::: INPUT DATA :::

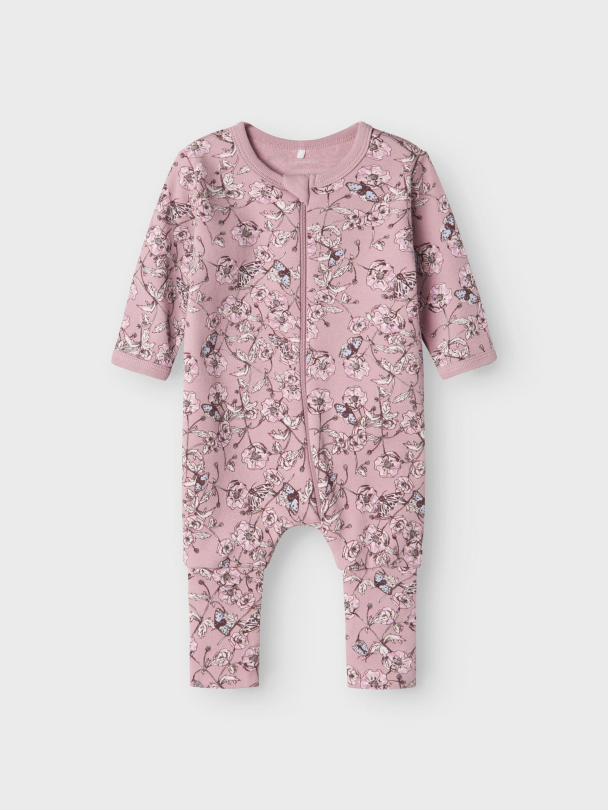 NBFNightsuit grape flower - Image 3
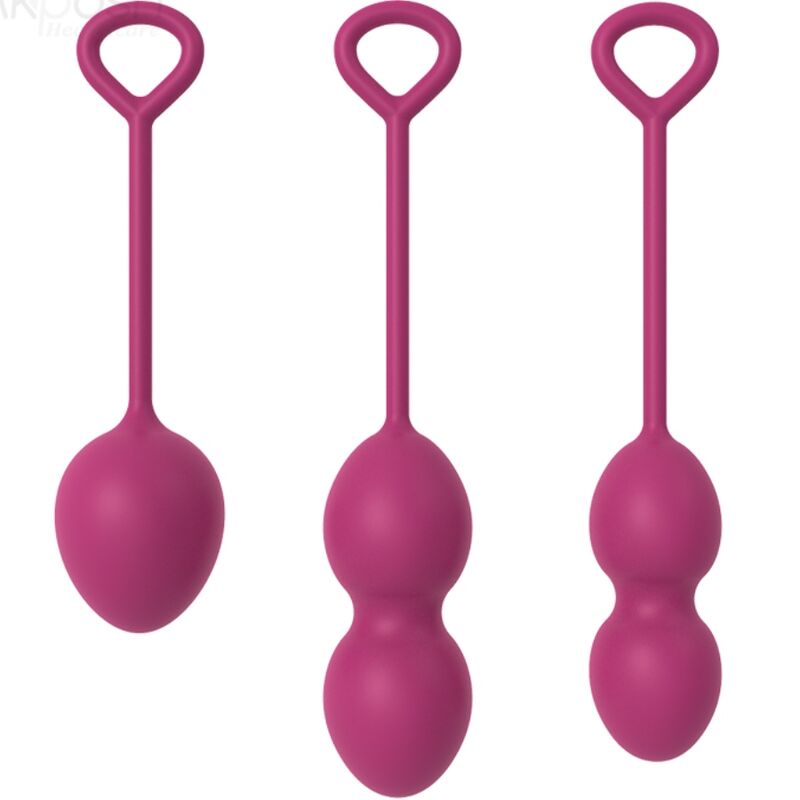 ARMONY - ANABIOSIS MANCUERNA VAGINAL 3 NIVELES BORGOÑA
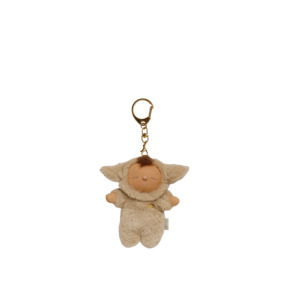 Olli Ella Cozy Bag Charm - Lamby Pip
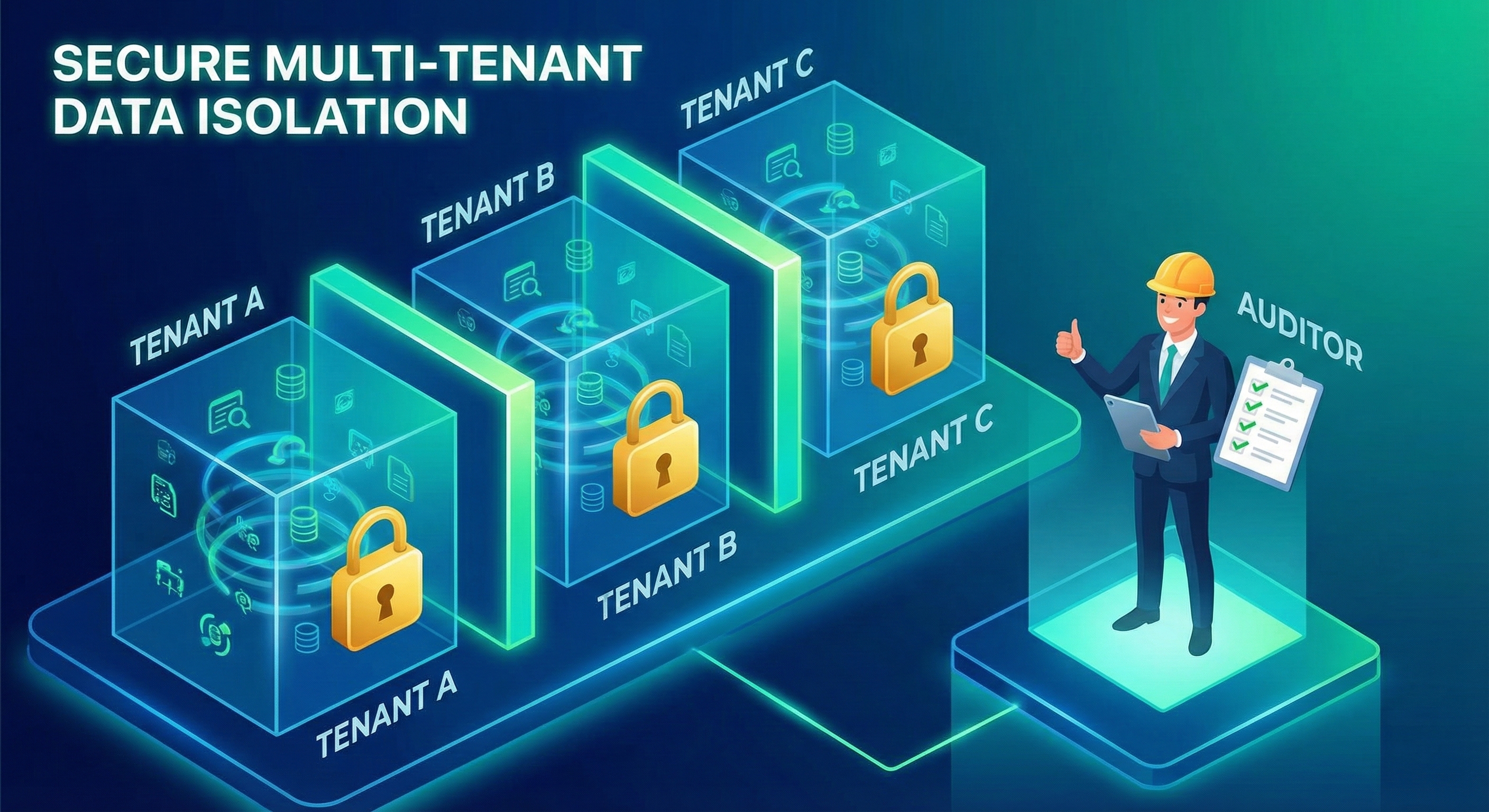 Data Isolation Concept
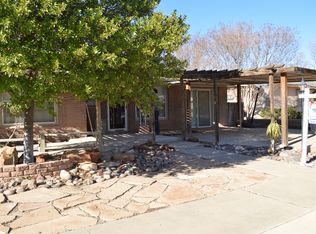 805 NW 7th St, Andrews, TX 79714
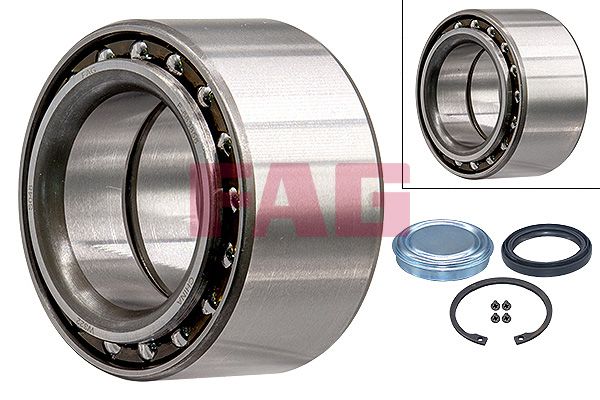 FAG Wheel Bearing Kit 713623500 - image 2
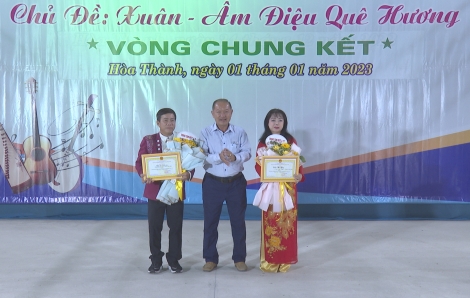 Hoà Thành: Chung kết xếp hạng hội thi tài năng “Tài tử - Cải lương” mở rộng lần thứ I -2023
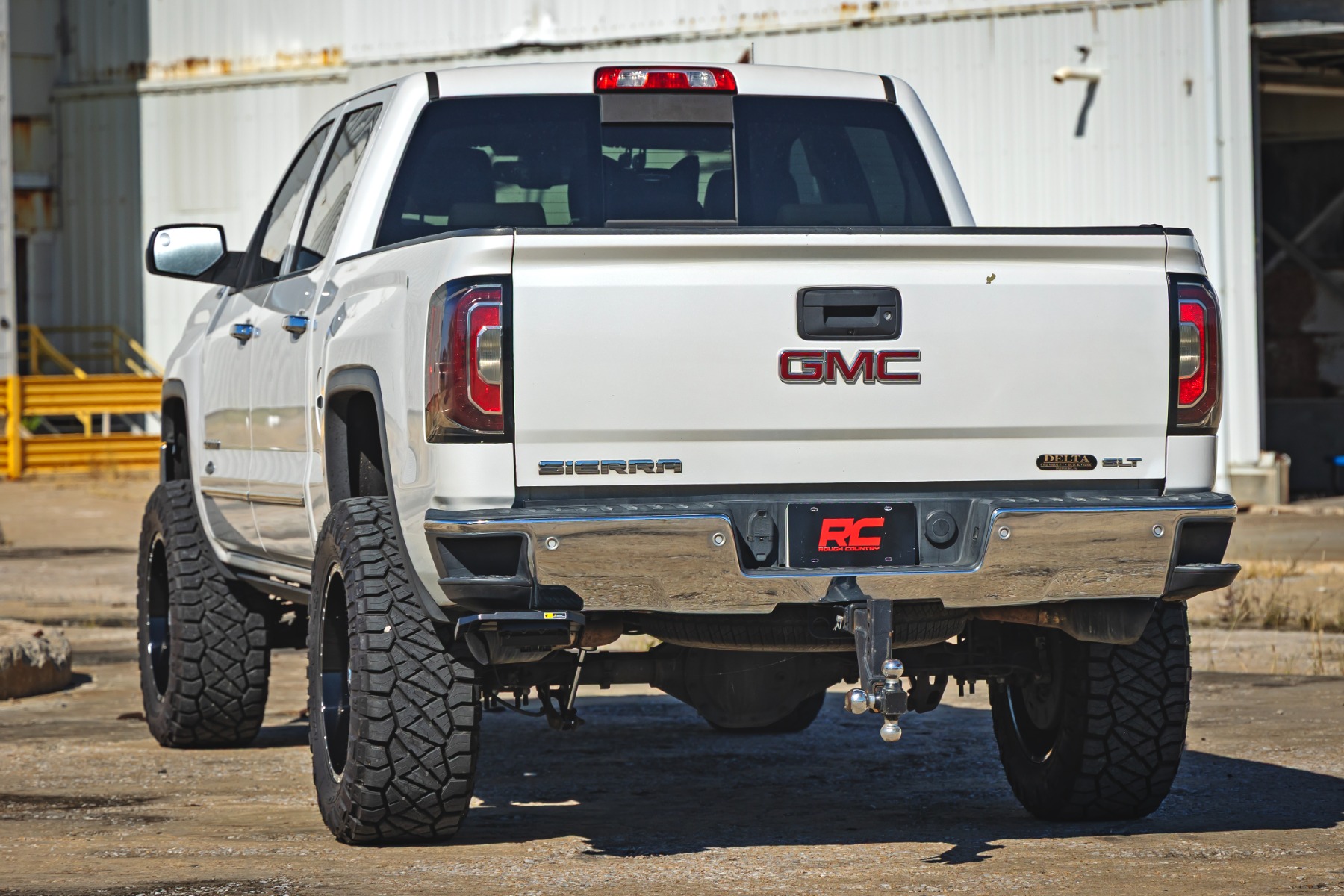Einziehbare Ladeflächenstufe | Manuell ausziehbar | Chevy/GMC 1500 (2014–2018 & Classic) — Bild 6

:::

Give back the lines from the one containing "805 NW 7th St, Andrews, TX 79714" through the last line of the records above exactly as they appear, both included, and no pictures.

- [WRITTEN RESPONSE]
 805 NW 7th St, Andrews, TX 79714
 FAG Wheel Bearing Kit 713623500 - image 2
 Hoà Thành: Chung kết xếp hạng hội thi tài năng “Tài tử - Cải lương” mở rộng lần thứ I -2023
Einziehbare Ladeflächenstufe | Manuell ausziehbar | Chevy/GMC 1500 (2014–2018 & Classic) — Bild 6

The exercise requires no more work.